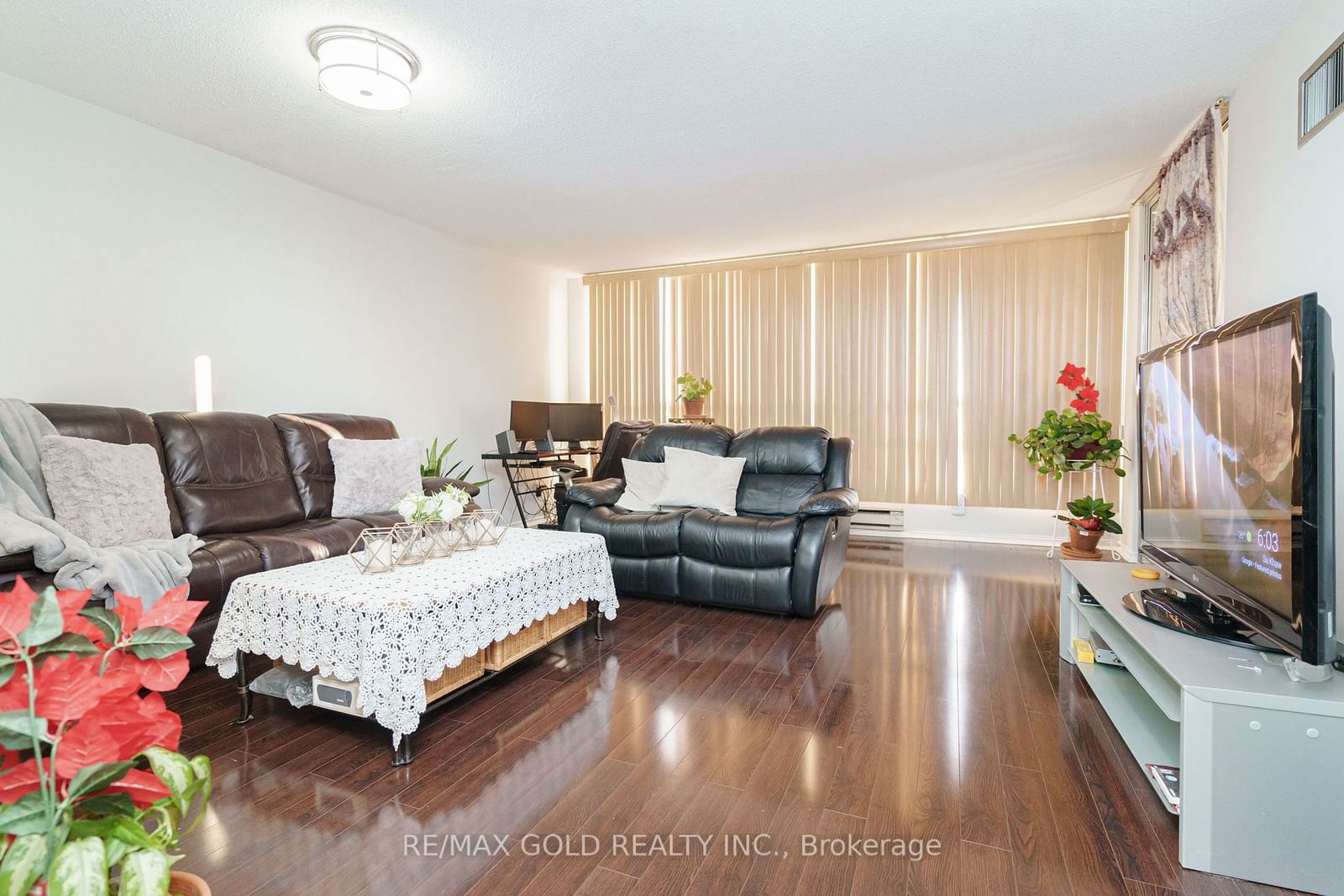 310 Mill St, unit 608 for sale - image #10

════════

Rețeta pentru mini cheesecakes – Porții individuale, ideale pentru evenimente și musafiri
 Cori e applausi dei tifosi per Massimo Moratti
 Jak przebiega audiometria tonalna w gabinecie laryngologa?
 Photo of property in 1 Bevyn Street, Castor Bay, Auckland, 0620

════════

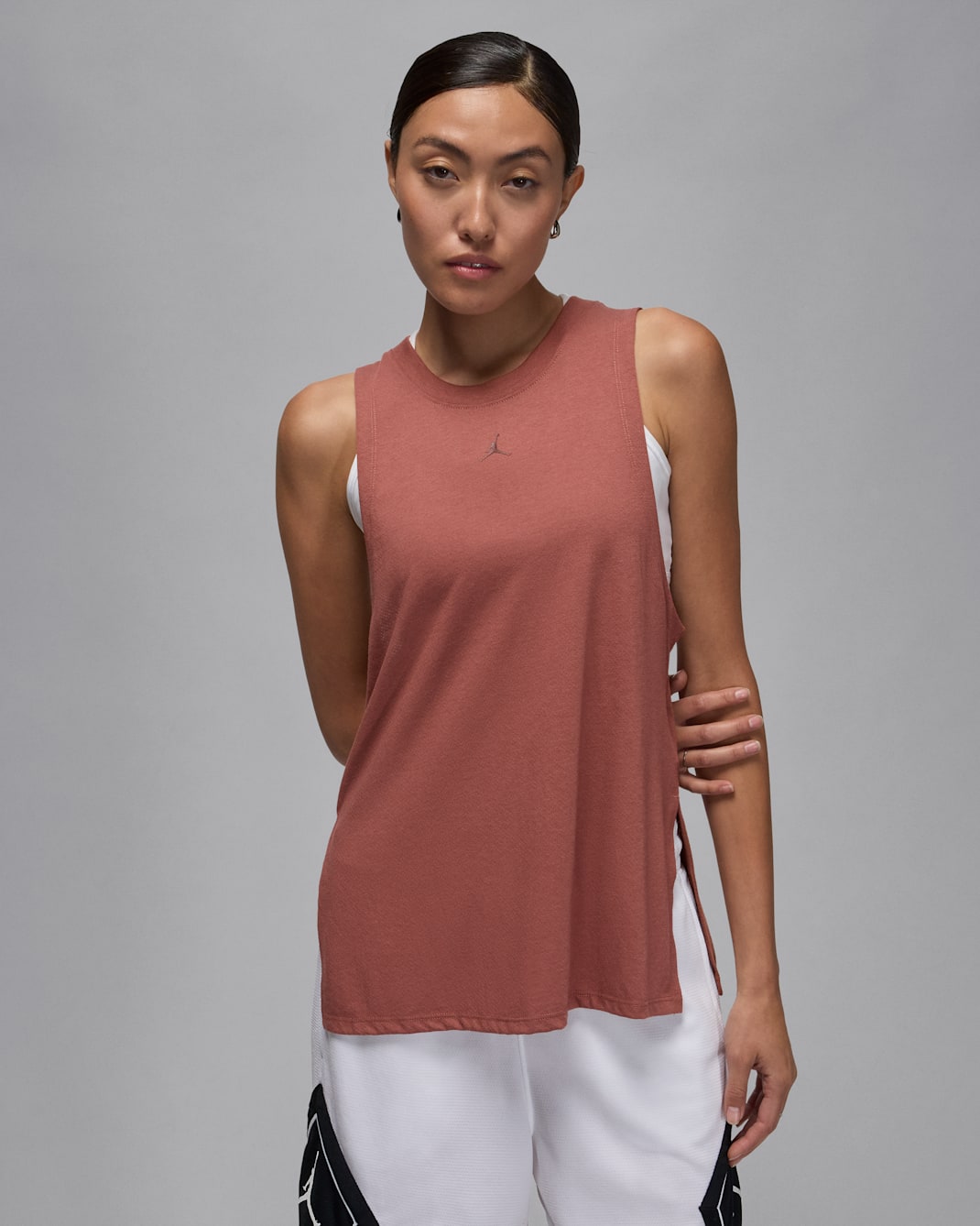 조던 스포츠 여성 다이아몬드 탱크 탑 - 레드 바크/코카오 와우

════════

## Problem description
Copy out the range of lines above starting at the line with "Cori e applausi" and ending at the line with "Photo of property", exactly and including both.

## Exercise output
 Cori e applausi dei tifosi per Massimo Moratti
 Jak przebiega audiometria tonalna w gabinecie laryngologa?
 Photo of property in 1 Bevyn Street, Castor Bay, Auckland, 0620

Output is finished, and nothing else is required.